Below are entries; copy exactly the lines from the one with "All Weather Forest" through the one with "Collier avec Pendentif", both included, and leave out the rest.

··· Record extracts

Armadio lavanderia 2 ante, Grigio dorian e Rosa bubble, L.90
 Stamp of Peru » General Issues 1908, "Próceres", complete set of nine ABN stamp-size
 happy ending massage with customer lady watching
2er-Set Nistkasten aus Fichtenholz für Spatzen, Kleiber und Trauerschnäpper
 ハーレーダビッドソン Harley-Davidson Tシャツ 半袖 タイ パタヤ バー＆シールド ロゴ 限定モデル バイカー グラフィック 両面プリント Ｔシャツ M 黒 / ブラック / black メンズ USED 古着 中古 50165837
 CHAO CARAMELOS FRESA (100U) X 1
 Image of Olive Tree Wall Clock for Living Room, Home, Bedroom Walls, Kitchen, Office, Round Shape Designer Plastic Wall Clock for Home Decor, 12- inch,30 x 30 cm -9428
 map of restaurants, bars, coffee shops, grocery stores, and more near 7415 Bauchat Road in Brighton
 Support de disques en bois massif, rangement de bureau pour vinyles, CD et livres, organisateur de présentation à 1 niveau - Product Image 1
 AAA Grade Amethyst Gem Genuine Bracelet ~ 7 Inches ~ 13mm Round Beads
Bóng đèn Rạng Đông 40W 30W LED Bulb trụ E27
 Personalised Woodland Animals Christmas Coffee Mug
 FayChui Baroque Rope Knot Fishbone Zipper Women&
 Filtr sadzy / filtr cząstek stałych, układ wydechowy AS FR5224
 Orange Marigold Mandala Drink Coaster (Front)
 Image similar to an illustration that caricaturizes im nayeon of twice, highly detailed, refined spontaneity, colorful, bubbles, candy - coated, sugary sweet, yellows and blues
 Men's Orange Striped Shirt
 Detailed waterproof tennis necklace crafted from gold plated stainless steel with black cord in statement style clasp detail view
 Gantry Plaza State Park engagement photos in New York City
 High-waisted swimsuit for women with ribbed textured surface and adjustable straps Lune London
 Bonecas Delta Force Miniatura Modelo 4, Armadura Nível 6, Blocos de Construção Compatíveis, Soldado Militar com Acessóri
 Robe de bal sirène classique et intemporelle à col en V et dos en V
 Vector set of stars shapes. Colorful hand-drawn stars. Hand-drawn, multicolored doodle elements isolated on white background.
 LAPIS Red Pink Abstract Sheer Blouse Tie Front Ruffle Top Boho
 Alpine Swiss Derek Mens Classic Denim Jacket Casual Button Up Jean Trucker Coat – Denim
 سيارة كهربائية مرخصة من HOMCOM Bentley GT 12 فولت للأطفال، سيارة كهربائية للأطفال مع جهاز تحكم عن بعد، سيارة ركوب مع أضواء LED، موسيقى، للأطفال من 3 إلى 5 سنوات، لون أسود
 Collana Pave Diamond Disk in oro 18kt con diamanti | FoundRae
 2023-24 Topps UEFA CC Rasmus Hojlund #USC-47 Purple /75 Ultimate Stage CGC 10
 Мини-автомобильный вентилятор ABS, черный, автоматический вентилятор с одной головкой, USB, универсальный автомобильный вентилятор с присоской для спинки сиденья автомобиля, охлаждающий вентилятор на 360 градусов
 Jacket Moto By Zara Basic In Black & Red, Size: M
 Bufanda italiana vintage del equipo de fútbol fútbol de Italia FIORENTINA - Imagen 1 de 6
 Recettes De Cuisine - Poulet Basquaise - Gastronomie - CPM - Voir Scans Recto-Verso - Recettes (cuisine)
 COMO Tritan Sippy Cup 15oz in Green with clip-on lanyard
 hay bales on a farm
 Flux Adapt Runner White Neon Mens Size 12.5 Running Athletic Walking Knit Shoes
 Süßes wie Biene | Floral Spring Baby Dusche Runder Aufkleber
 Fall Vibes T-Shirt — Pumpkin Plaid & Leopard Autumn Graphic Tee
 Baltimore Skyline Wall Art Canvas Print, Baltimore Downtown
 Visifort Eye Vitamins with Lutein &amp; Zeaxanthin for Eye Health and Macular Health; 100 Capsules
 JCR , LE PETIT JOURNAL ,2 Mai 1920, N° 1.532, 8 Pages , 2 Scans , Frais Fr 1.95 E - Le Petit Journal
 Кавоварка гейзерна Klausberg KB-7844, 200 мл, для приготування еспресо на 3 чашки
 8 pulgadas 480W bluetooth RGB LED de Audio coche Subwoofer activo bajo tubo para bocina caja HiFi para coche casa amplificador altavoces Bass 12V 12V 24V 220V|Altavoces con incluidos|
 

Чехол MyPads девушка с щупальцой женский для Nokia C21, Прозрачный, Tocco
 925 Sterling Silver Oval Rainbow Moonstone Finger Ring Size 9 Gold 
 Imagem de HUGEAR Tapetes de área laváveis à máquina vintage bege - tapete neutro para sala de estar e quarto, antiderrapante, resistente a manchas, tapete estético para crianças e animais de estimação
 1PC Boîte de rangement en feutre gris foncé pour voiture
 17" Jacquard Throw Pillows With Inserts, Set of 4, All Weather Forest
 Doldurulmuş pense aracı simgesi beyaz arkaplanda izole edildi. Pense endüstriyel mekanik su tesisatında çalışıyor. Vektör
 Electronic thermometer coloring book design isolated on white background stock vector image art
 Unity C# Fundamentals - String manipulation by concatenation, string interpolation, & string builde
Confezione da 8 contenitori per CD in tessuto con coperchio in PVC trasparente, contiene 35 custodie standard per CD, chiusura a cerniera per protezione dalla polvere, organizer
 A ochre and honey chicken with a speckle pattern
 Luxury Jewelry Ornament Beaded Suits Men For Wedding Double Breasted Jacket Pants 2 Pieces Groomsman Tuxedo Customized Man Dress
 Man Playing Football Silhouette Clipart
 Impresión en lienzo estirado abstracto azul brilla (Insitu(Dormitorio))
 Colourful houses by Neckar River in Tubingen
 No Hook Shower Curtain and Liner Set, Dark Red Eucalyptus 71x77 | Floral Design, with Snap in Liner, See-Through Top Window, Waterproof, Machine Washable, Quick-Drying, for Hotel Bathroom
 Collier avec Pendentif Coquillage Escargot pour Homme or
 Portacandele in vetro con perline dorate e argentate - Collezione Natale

······

◆ Response below
 17" Jacquard Throw Pillows With Inserts, Set of 4, All Weather Forest
 Doldurulmuş pense aracı simgesi beyaz arkaplanda izole edildi. Pense endüstriyel mekanik su tesisatında çalışıyor. Vektör
 Electronic thermometer coloring book design isolated on white background stock vector image art
 Unity C# Fundamentals - String manipulation by concatenation, string interpolation, & string builde
Confezione da 8 contenitori per CD in tessuto con coperchio in PVC trasparente, contiene 35 custodie standard per CD, chiusura a cerniera per protezione dalla polvere, organizer
 A ochre and honey chicken with a speckle pattern
 Luxury Jewelry Ornament Beaded Suits Men For Wedding Double Breasted Jacket Pants 2 Pieces Groomsman Tuxedo Customized Man Dress
 Man Playing Football Silhouette Clipart
 Impresión en lienzo estirado abstracto azul brilla (Insitu(Dormitorio))
 Colourful houses by Neckar River in Tubingen
 No Hook Shower Curtain and Liner Set, Dark Red Eucalyptus 71x77 | Floral Design, with Snap in Liner, See-Through Top Window, Waterproof, Machine Washable, Quick-Drying, for Hotel Bathroom
 Collier avec Pendentif Coquillage Escargot pour Homme or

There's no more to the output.